(GIVEN INFORMATION):
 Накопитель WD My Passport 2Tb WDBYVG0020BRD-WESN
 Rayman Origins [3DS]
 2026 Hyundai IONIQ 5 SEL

(ACTIVITY): Extract the listing in its entirety and repeat it exactly.

(ANSWER):
 Накопитель WD My Passport 2Tb WDBYVG0020BRD-WESN
 Rayman Origins [3DS]
 2026 Hyundai IONIQ 5 SEL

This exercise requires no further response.